Dad would make arrangements to stay near his work. Sometimes Dad would room and board with a family; other times he would tent camp in a park and cook his meals over a camp stove. This practice was not at all uncommon during these years.”
Norma remembers riding the family touring car up the treacherous Tollhouse Road. There were no areas to pull off the road. Her dad maintained maximum speed to avoid stalling on the steep incline. Beyond the top of the grade was “Mountain Rest,” the home of Mrs. Mary Cavin Waite, her paternal great grandmother.
Timothy and Mary Waite arrived in the Tollhouse area in 1875. He was critically injured in a lumber accident and died in 1876. Mary struggled to support their eight children. She opened “Widow Waite’s” hotel and restaurant in 1882. The name was changed to “Mountain Rest” when a bathhouse was added in 1908.
Norma graduated from Clovis High in 1938. There were 83 graduates that year. The front of their commencement program quoted Henry Van Dyke: “But the glory of the Present is to make the Future Free — We love our land for what she is and what she is to be. America For Me.”
The speakers addressed “The American Scene: We Hope For, We Worry About, We Laugh About and We Wonder About.” Paul E. Andrew was Principal, George Croyle, Vice Principal and Luther E. Weldon, President of the Board of Trustees.
Norma married Robert Lee Meek in 1940. She described him as “about the cutest sailor I ever saw.” He was born on March 10, 1918, in Anderson, Calif. His family moved frequently throughout the Central and Northern Valley, and settled in Fresno in 1926. He graduated from Fresno Tech School in 1935 and joined the Navy that year. Six of the seven Meek siblings served in the war.
The Meeks were stationed away from Clovis until they returned here in 1966. Bob retired in 1959 with the rank of U.S. Navy Lieutenant Commander.
Upon her return to Clovis, Norma became an active member of the Clovis United Methodist Church. She is their oldest member.

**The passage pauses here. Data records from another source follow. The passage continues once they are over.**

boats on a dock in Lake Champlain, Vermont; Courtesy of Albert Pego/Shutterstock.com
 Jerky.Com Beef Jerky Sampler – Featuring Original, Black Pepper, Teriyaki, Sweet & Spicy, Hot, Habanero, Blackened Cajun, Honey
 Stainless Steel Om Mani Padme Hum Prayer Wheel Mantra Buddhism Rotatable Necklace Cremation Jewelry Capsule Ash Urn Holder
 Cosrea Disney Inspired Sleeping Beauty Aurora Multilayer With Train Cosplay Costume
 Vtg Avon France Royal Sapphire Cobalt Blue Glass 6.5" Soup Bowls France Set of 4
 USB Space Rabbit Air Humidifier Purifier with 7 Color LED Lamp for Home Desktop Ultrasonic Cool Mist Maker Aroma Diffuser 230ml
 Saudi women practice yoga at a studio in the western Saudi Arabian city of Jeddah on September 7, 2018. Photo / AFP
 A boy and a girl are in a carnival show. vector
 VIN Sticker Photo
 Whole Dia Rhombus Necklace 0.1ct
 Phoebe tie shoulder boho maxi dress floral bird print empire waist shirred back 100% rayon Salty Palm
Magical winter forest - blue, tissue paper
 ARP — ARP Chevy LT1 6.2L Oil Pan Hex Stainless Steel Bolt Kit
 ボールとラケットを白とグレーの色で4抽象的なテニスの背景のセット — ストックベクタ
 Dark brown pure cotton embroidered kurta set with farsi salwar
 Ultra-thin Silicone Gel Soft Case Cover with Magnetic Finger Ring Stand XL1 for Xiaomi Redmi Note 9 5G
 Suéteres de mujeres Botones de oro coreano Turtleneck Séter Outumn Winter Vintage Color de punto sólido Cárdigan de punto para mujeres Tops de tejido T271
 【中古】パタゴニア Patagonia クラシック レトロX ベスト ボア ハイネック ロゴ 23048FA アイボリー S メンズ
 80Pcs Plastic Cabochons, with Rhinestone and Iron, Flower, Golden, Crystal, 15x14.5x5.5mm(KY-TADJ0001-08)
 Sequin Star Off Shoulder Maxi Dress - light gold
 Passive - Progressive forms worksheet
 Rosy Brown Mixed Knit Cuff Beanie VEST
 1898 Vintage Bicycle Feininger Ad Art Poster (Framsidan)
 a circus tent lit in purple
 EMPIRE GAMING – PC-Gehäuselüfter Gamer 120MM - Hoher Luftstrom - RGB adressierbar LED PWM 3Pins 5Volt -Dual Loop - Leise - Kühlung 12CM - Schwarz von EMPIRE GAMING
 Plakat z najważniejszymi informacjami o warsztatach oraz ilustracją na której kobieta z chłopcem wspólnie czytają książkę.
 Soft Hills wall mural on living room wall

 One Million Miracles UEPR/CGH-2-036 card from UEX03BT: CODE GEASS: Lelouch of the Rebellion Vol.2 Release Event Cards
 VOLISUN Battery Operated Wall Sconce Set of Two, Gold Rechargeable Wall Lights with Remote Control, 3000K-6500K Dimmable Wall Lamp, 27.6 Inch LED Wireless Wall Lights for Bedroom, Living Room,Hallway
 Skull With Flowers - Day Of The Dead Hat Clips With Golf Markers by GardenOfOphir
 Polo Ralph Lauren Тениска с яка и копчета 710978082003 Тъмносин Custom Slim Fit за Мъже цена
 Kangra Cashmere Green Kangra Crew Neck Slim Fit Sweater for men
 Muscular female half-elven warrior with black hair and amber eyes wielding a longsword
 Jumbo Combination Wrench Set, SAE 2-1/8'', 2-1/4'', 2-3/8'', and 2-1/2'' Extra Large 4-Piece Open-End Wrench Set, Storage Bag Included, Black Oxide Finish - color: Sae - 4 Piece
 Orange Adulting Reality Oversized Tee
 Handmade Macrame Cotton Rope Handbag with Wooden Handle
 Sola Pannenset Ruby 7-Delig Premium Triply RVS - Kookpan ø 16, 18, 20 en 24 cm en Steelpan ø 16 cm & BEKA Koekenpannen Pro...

She became a docent for the Clovis Museum and served in that capacity until 2018.
The City of Clovis, in their winter publication of 2008, published: “Follow Her Lead, Long-time Clovis Resident Challenges Residents to Shop Clovis First.” Norma said price wouldn’t even persuade her to shop outside of Clovis: “I can find everything I need right here in Clovis.”
Norma “walks the talk,” remains true to her beliefs, loyal to her family tradition and continues to be our “Clovis Booster.” She is an important part of our rich heritage.